The threat of terrorism-from terrorists and copy-cats will drive intensified corporate security. Industrial security specialists recommend that every employer with more than 500 employees have at least one, if not a force, of security professionals on staff. Smaller organizations can use consultants and security auditors to advise them. Office buildings, industrial parks, and research facilities will pay more attention to security. How tight security can be will have to be balanced against the need for the free flow of business--not easy decisions. Expect these issues to distract business leaders from their profit-making purposes for at least the near future.
As communities strengthen their capacity to respond to terrorist activities or those incidents that seem to be related, police recruiting will increase. Former military personnel will be attractive recruits but will cause discomfort for civic leaders, concerned about how tough and tactical police should be. As the spotlight on law enforcement reveals their professionalism, these leaders will learn that a large number of police departments already have high capacity through their Special Weapons and Tactics operations. Such high performance units will be retrained to respond to new threats. Citizens will be reassured, yet will never again feel as secure as before September 11.
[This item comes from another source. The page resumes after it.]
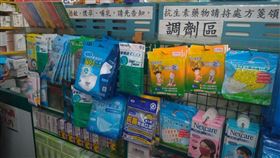 武漢肺炎,藥師,口罩,藥局。（圖／記者許書萓攝）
Executive security services will expand, providing greater protection for corporate executives. Many multi-national companies already protect senior executives, but in the future more people will be protected more comprehensively. Increasingly, companies will invest in at least enhanced security for key leaders. Recruiters for executive security firms will tap government law enforcement for talent, creating greater shortages of police officers.
Intelligence services will also step up recruiting. The CIA, FBI, National Security Agency, Defense Security Agency, and other government agencies like the State Department will hire more agents, analysts, and support people. As domestic targets are hardened, the military will also be recruiting people to specialize in counterintelligence.